This is my kaleidophone
[Scene: Beth, age 4, shows me an odd arrangement of gourds and blankets]
Me: "What is this?"
Beth: "I am a magical person, and this is my kaleidophone."
Me: "What's a kaleidophone? Is that like a telephone? Or a kaleidoscope?"
Beth: "It's a thing that makes beautiful patterns of sound. Like a kaleidoscope but for hearing."
Me: "That's pretty cool."
Beth: "It also shoots bullets. It's the deadliest weapon that the good fairies use against the bad fairies. So look out!"
Constipated chicken
Luke: [age 7] "You know my friend [C...] at school? Today he made a noise and I said he sounded like a constipated chicken."
Me: "Oh? What's a constipated chicken sound like?"
Luke: "I don't know. Maybe BOK BOK BOK I GOTTA GO! -- or SQUAWK BOK BOK HELP ME SOMEBODY! WHERES THE BOK BOK BOK BATHROOM! Like that."
Chacka wacka!
Beth: [age 3] "Chacka wacka kacka!"
Me: "What does that mean?"
Beth: "It means KAMUKA!"
Me: "Oh no, not that again. What does kamuka mean?"
Beth: "I don't know!"
Me: "Really? I thought it had something to do with a turtle, or a blind guy, or something."

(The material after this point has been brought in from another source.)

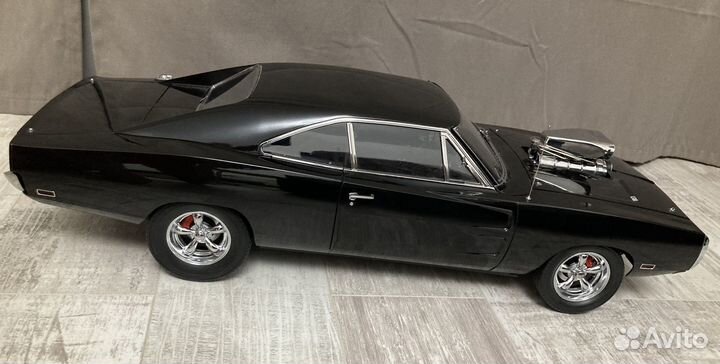 Модель авто Dodge Charger R/T в масштабе 1/8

Beth: "It means CHICKEN FEATHERS!"
Me: "Chicken feathers?!"
Beth: "Just kidding! Nobody knows what kamuka means!"
Me: "Not even you?"
Beth: "It means chacka wacka, chawacka maKACKA!"
General Tso's Butt
Luke: [age 7] "I still think we could get rid of the letter 'c'. We can just have 's' and 'k'."
Mom: "That's fine for the long-s and hard-k sounds, but what about the 'ch' sound? If you take out the 'c' then 'chicken' becomes 'hicken'."
Luke: "Oh wow. And 'choo choo' becomes 'hoo hoo'."
Me: "And 'chair' turns into 'hair'."
Luke: "'Chocolate' becomes 'hocolate'."
Me: "Your cheeks would turn into 'heeks'."
Luke: "And Chinese food would turn into 'hinese' food! Hineys!? That means butts! Hey, anybody want to eat General Tso's butt?"
Irish turtle
Beth: [age 3] "You sound like an Irish turtle!"
Me: "I've never heard of an Irish turtle. Are there a lot of them around?"
Beth: "No, just you."
Loud is for boys
[Scene: Beth, age 3, is in the car with me when I turn on some music]
Beth: "Daddy! That's too loud!"
Me: [turns volume down] "I'm sorry, sweetheart. Did that hurt your ears?"
Beth: "I don't like it. Loud is for boys."